Bhaktivinode was influenced by Unitarian theologians and his views are very similar to Tillich’s. One important point for Bhaktivinode was that these symbols were not based on material conceptions, but on what we may call spiritual archetypes, and here Jungian thought and Joseph Campbell are relevant. This world is seen as an emanation of the spiritual world, and therefore, the patterns seen here are derived from there rather than projecting our patterns on the spiritual world.

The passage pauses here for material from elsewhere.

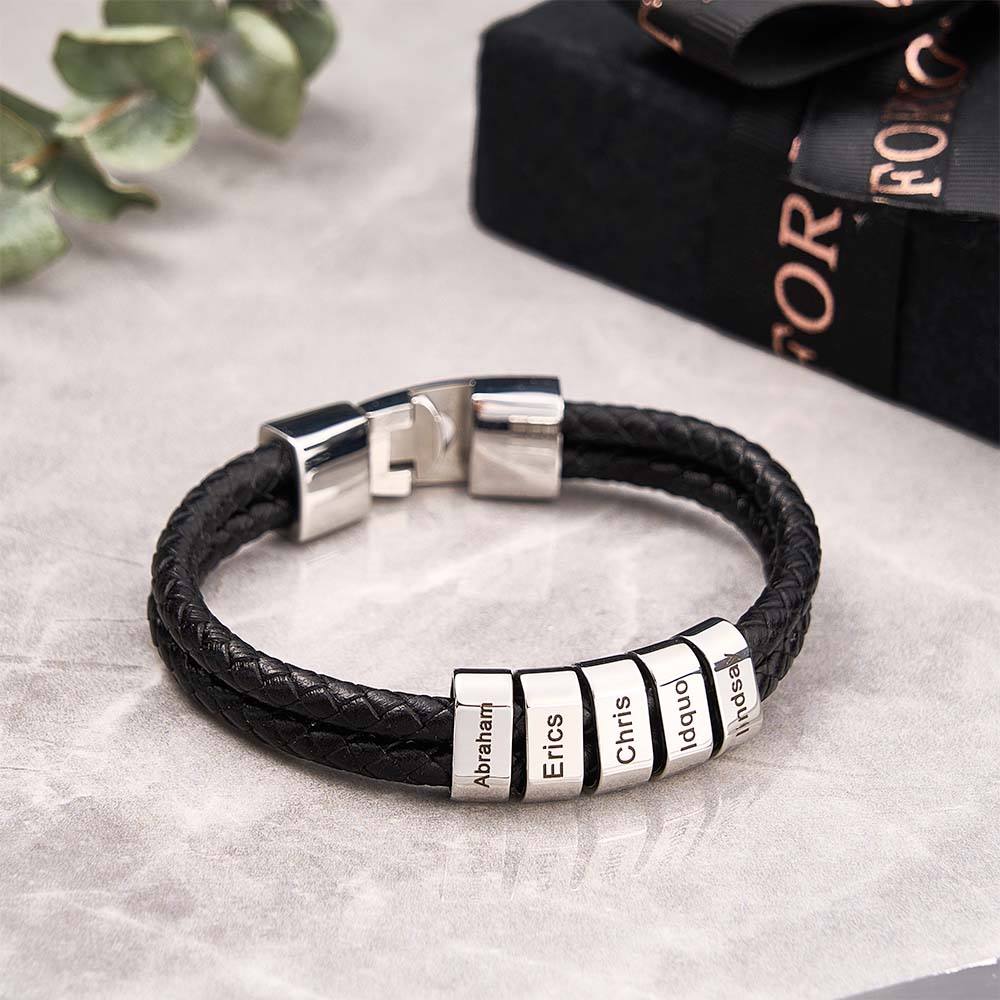 Custom Name Bracelet Braided Leather Personalized Gifts for Dad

I am very impressed by Tillich’s view of faith, and one of the writing projects I have lined up is to write an essay on it. I think it is very important to make this distinction between faith and belief so that when we find out the Bhagavad Gita wasn’t written by Vyasa, 5,000 years ago and transmitted to us exactly by the infallible disciplic succession, or when someone like me says we need to transform these myths and symbols to make them relevant, we do not lose faith because our beliefs are challenged. This is a progressive Protestant way of thinking. I think we need a reformation of our own. Let’s transform some sacred cows into gourmet burgers (metaphorically speaking of course).


Comments are closed.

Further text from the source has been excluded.